(DATA TO PROCESS begins)
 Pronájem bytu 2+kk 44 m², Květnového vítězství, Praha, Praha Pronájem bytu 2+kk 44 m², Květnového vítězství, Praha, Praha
(DATA TO PROCESS ends)
(DATA TO PROCESS begins)
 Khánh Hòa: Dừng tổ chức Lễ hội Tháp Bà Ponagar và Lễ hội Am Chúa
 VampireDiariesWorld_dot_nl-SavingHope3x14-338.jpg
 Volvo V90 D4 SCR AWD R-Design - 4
(DATA TO PROCESS ends)
Among the lines above, find the one with "VampireDiariesWorld_dot_nl-SavingHope3x14-338.jpg" and the one with "Volvo V90 D4 SCR AWD R-Design - 4". Quote both and everything between them, exactly.

 VampireDiariesWorld_dot_nl-SavingHope3x14-338.jpg
 Volvo V90 D4 SCR AWD R-Design - 4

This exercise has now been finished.